GIVEN ENTRIES:
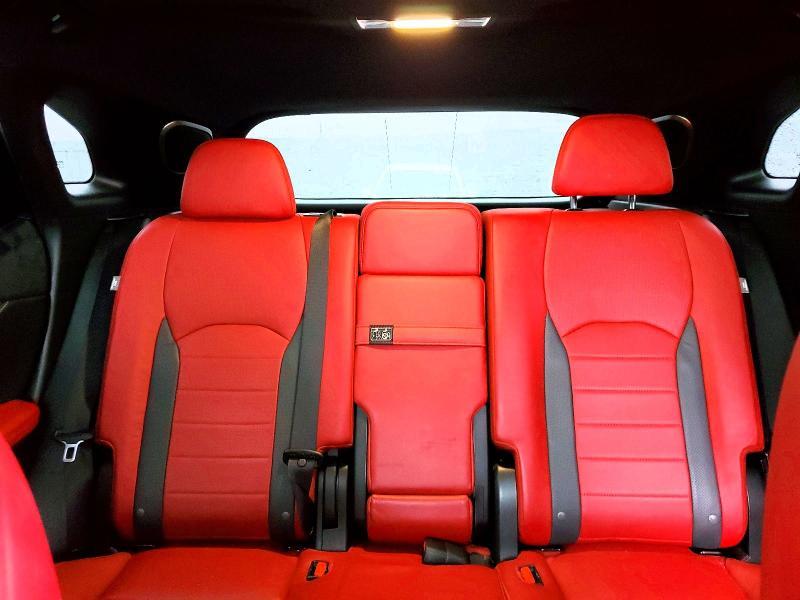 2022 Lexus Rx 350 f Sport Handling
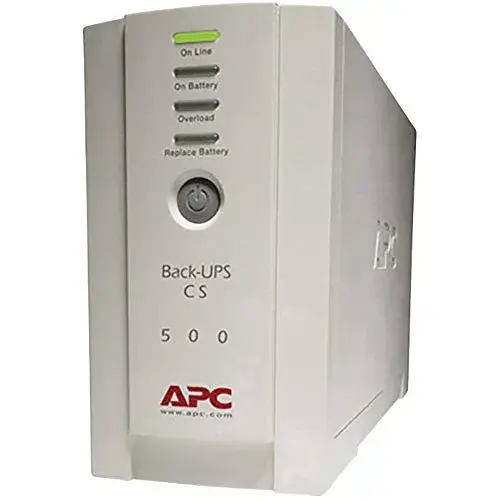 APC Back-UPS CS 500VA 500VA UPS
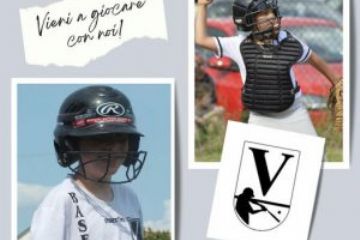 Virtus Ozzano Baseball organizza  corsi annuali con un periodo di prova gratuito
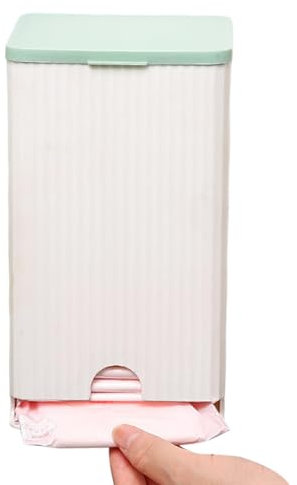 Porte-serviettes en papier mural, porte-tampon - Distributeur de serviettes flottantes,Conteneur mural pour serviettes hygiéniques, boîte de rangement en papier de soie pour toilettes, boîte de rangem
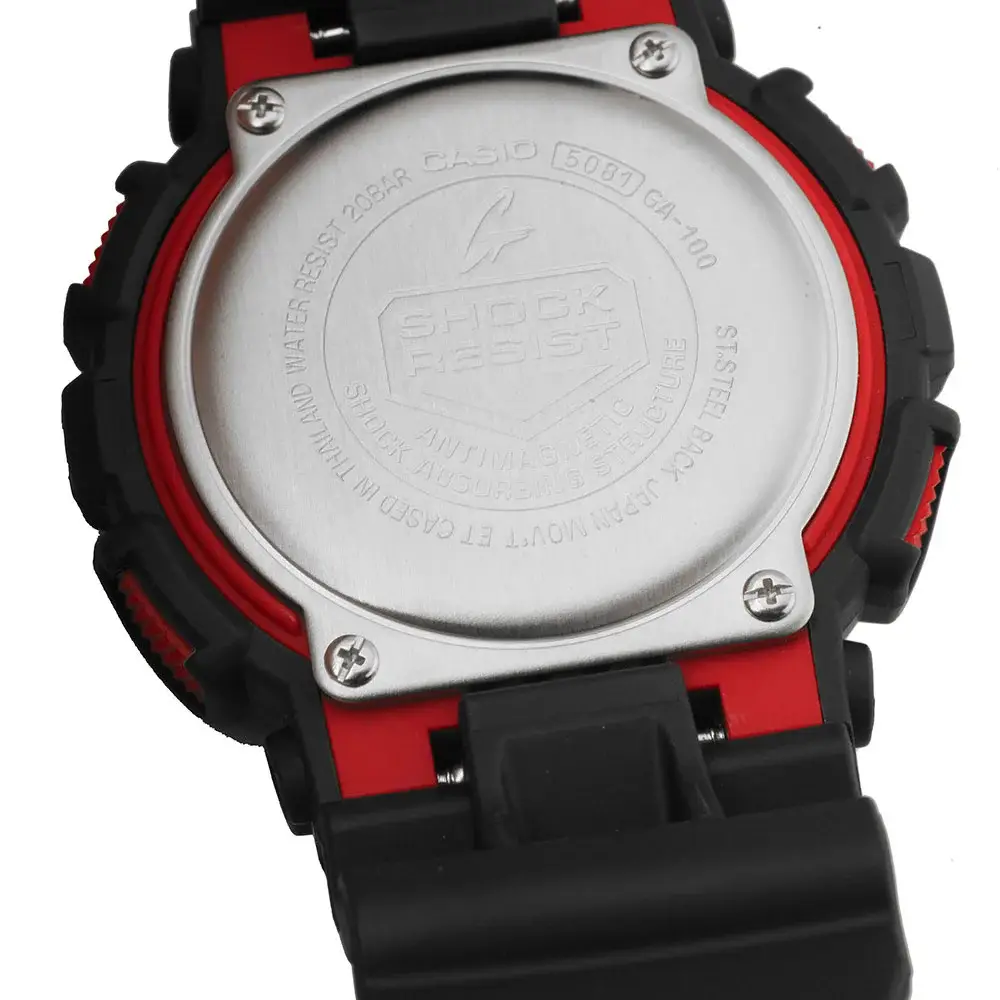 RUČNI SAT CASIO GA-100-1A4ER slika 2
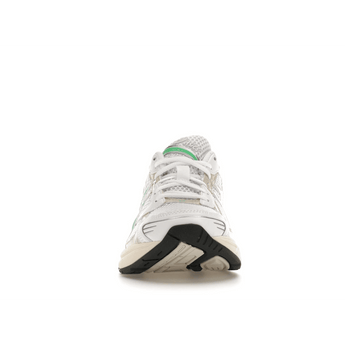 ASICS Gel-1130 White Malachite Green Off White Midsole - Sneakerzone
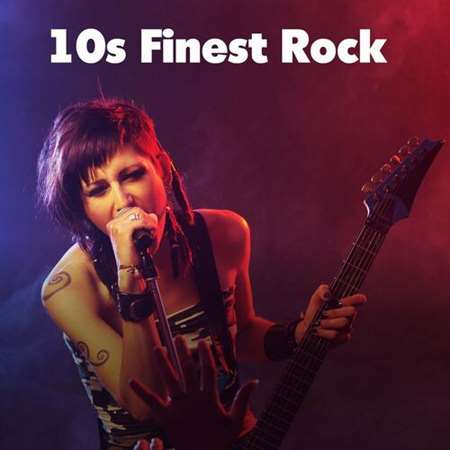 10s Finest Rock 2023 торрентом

PROMPT: Images are to be skipped, and each line above is to be returned exactly.

TASK OUTPUT:
 2022 Lexus Rx 350 f Sport Handling
 APC Back-UPS CS 500VA 500VA UPS
 Virtus Ozzano Baseball organizza  corsi annuali con un periodo di prova gratuito
 Porte-serviettes en papier mural, porte-tampon - Distributeur de serviettes flottantes,Conteneur mural pour serviettes hygiéniques, boîte de rangement en papier de soie pour toilettes, boîte de rangem
 RUČNI SAT CASIO GA-100-1A4ER slika 2
 ASICS Gel-1130 White Malachite Green Off White Midsole - Sneakerzone
 10s Finest Rock 2023 торрентом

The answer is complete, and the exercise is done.